:: WHAT THE TASK REQUIRES ::
The lines below starting at the line containing "Apartamenty Gusto Ostróda Exterior foto" and ending at the line containing "2000 Toyota 4Runner 3rd Gen - Image 14 of 31" are to be repeated exactly, with both ends kept and nothing else added.
+++
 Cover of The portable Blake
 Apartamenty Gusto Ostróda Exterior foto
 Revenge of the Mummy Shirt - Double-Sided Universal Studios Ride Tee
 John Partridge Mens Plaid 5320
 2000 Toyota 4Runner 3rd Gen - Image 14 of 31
+++
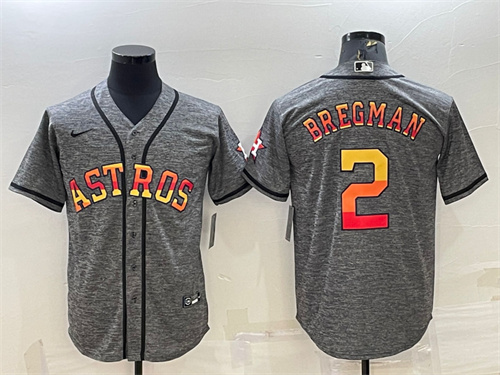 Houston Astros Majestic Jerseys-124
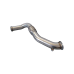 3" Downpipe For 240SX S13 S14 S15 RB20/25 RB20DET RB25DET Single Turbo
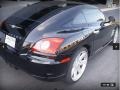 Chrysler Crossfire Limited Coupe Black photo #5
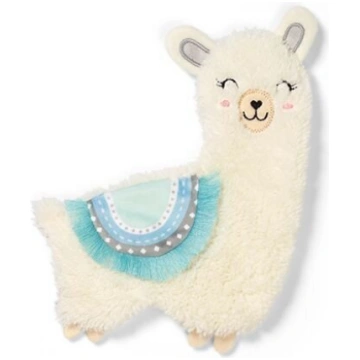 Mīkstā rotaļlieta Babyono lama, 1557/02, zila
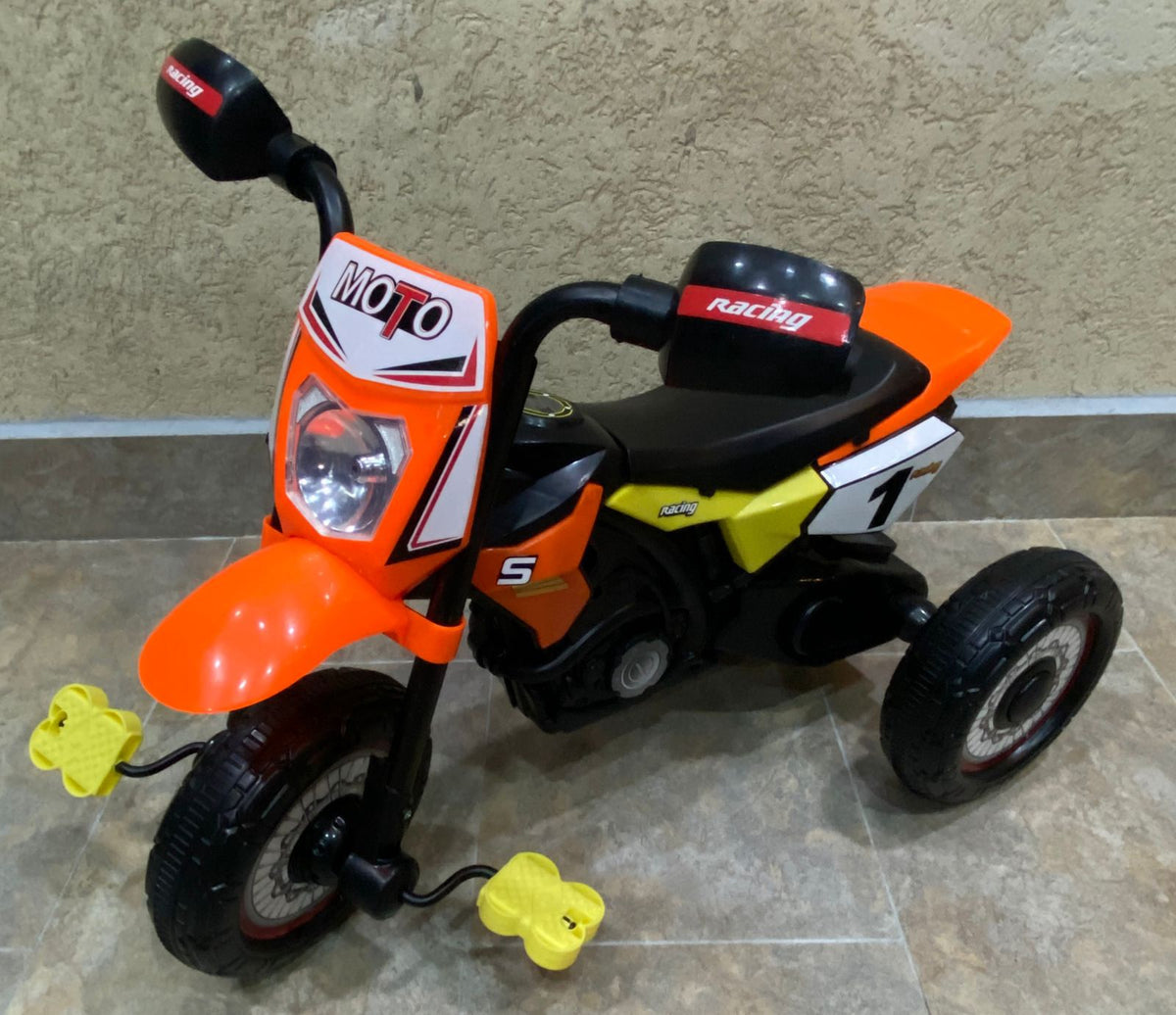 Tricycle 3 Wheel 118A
+++
:: WRITTEN REPLY ::
 Apartamenty Gusto Ostróda Exterior foto
 Revenge of the Mummy Shirt - Double-Sided Universal Studios Ride Tee
 John Partridge Mens Plaid 5320
 2000 Toyota 4Runner 3rd Gen - Image 14 of 31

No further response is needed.